___ Input material ___
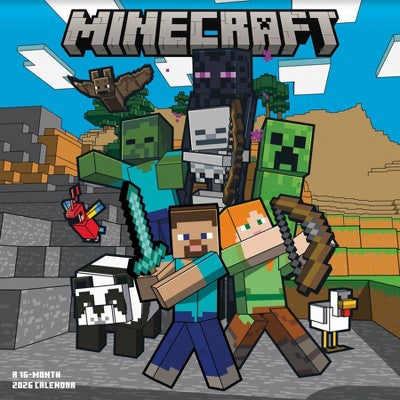 DateWorks 12"x12" 2026 Minecraft Wall Calendar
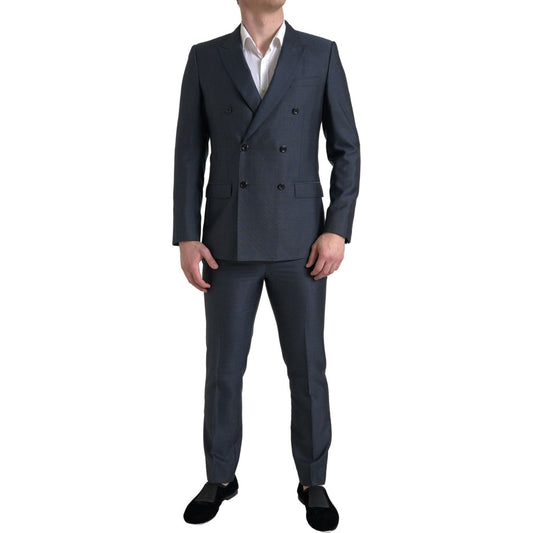 Dolce & Gabbana Blue 2 Piece Double Breasted MARTINI Suit KOS2203-48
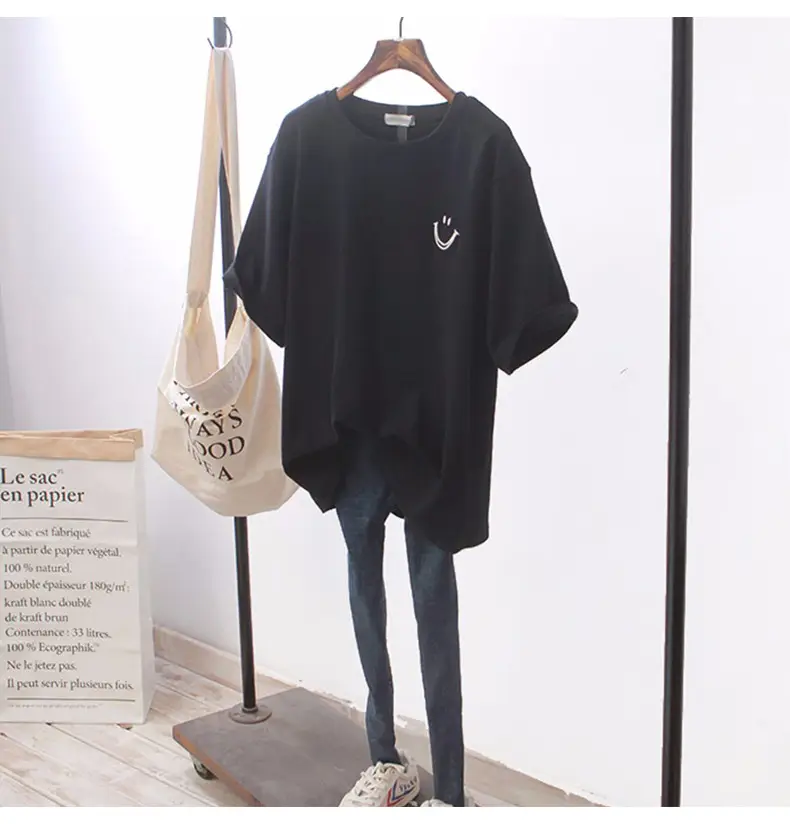 Women Loose Fit Black T-Shirt Summer Wear — feature 7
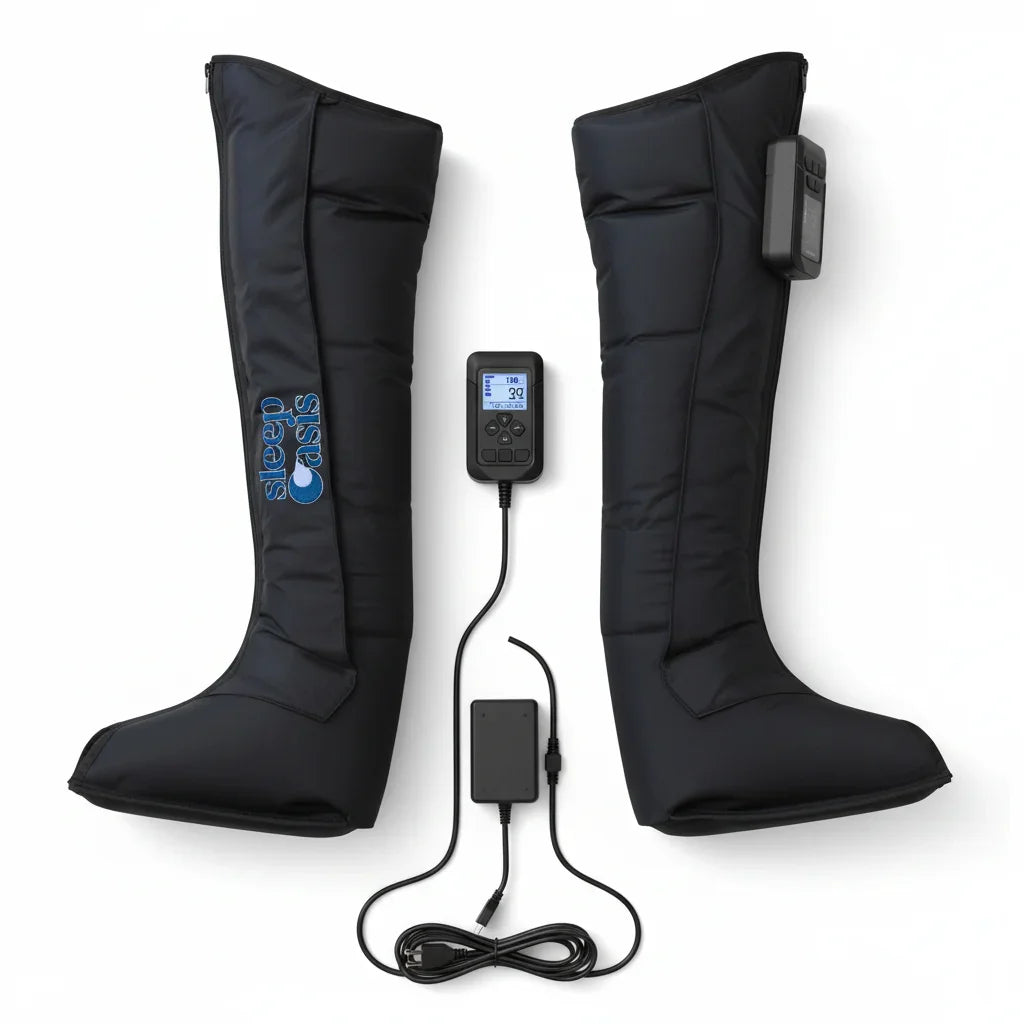 Sleep Oasis Dream Restore Pro air compression leg massager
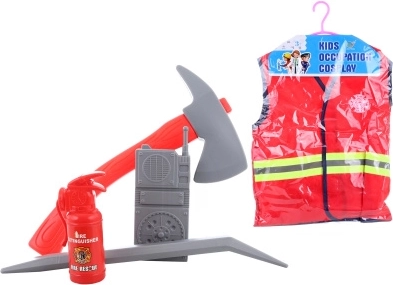 Costum pentru copii Pompier cu vestă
___
Your objective: Each record should be copied exactly, and each image left out.

Result below:
 DateWorks 12"x12" 2026 Minecraft Wall Calendar
 Dolce & Gabbana Blue 2 Piece Double Breasted MARTINI Suit KOS2203-48
 Women Loose Fit Black T-Shirt Summer Wear — feature 7
 Sleep Oasis Dream Restore Pro air compression leg massager
 Costum pentru copii Pompier cu vestă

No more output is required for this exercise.